Any picture among the records should be left out, please; retype the rest exactly.

* _DATA FOR REVIEW_:
━━━━━━━━━━━━━━━━━━━━

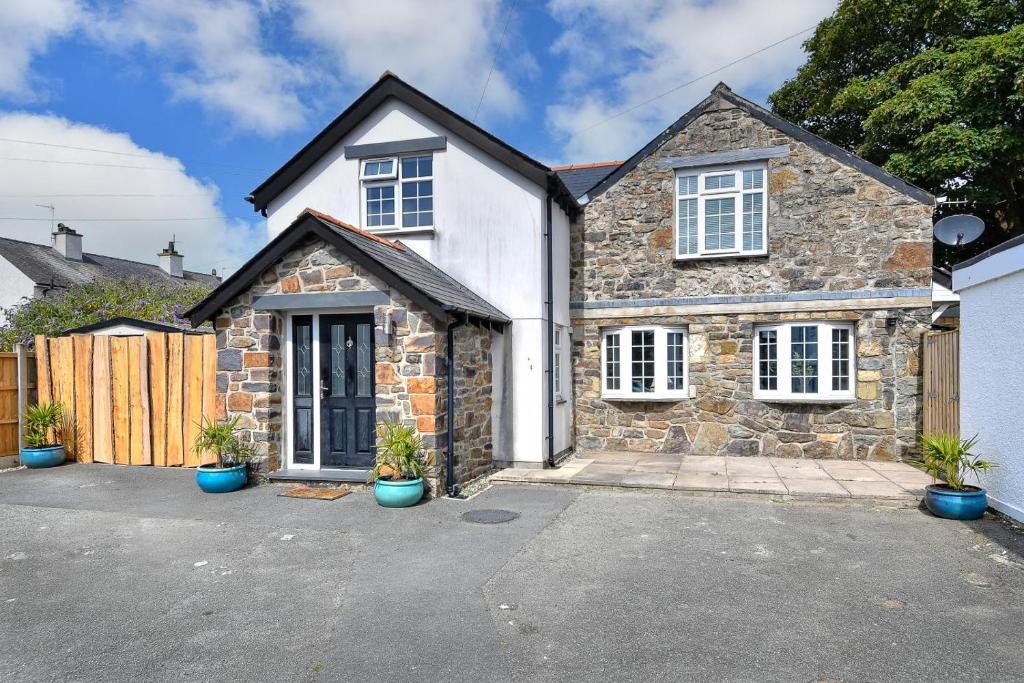 a stone house with potted plants in a driveway at 4 Bed in Abersoch oc-egrypo in Abersoch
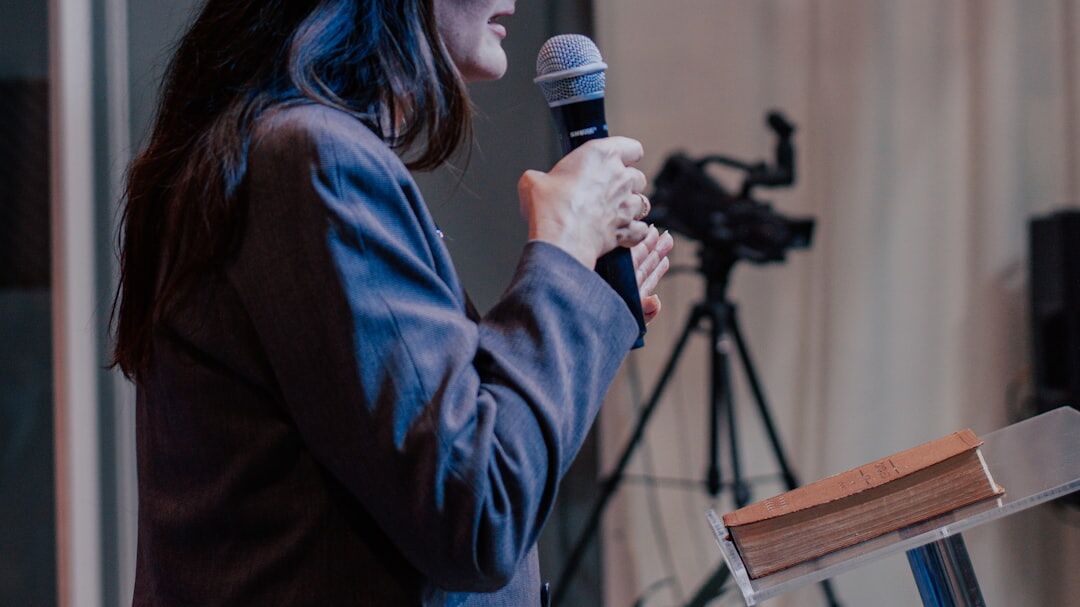 TV presenter speaking confidently on a modern set with teleprompter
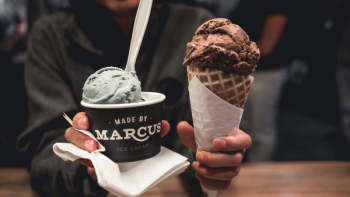 Person Holding Two Ice Creams Person Holding Two Ice Creams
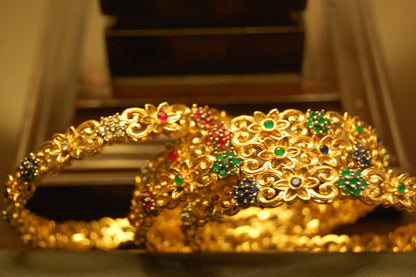PAIR OF MULTI STONE BANGLES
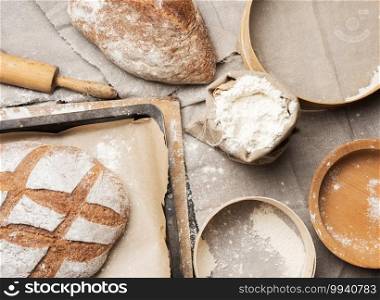 bread and  white wheat flour in a bag, wooden rock and plate, top view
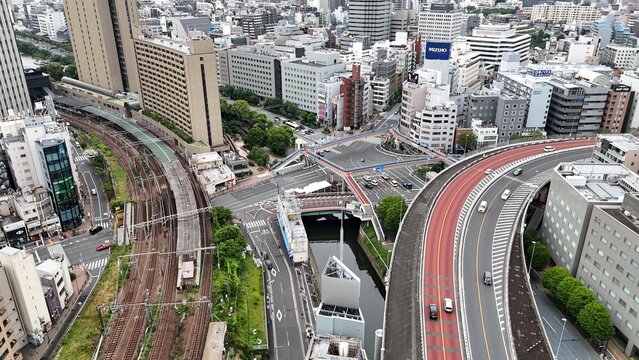 Aerial view of Tokyo expressway, railway lines and canal in dense urban cityscape
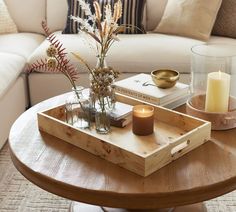 a coffee table with candles, flowers and books on it in front of a couch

━━━━━━━━━━━━━━━━━━━━

* _SOLUTION FOR THIS PROBLEM_:
 a stone house with potted plants in a driveway at 4 Bed in Abersoch oc-egrypo in Abersoch
 TV presenter speaking confidently on a modern set with teleprompter
 Person Holding Two Ice Creams Person Holding Two Ice Creams
PAIR OF MULTI STONE BANGLES
 bread and  white wheat flour in a bag, wooden rock and plate, top view
 Aerial view of Tokyo expressway, railway lines and canal in dense urban cityscape
 a coffee table with candles, flowers and books on it in front of a couch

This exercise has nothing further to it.